▸ **EXERCISE**
Without the pictures, give the listing below again exactly.

▸ **RAW DATA**

□ □ □ □ □

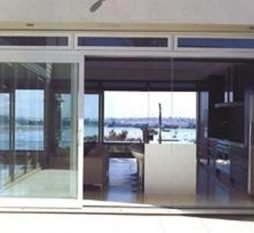 Aluminium Stacker Door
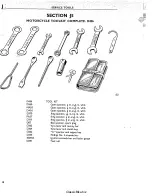 Предварительный просмотр 260 страницы Triumph 350 c.c. Workshop Manual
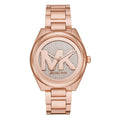 Michael Kors Ladies Watch Janelle 42mm Rose Gold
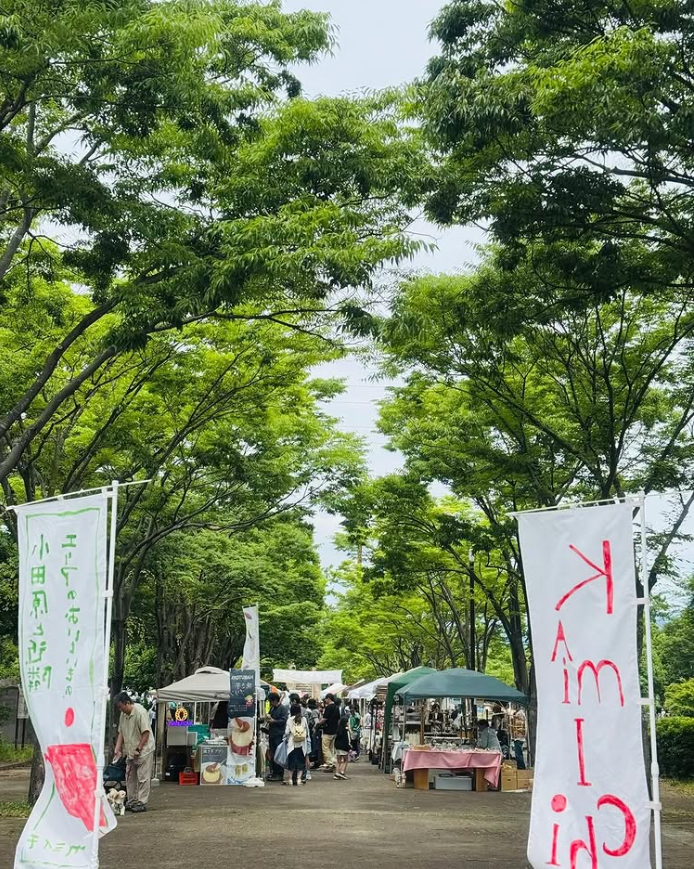 カミイチ（かみふなかクラフト市）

□ □ □ □ □

▸ **EXERCISE OUTPUT**
 Aluminium Stacker Door
 Предварительный просмотр 260 страницы Triumph 350 c.c. Workshop Manual
 Michael Kors Ladies Watch Janelle 42mm Rose Gold
 カミイチ（かみふなかクラフト市）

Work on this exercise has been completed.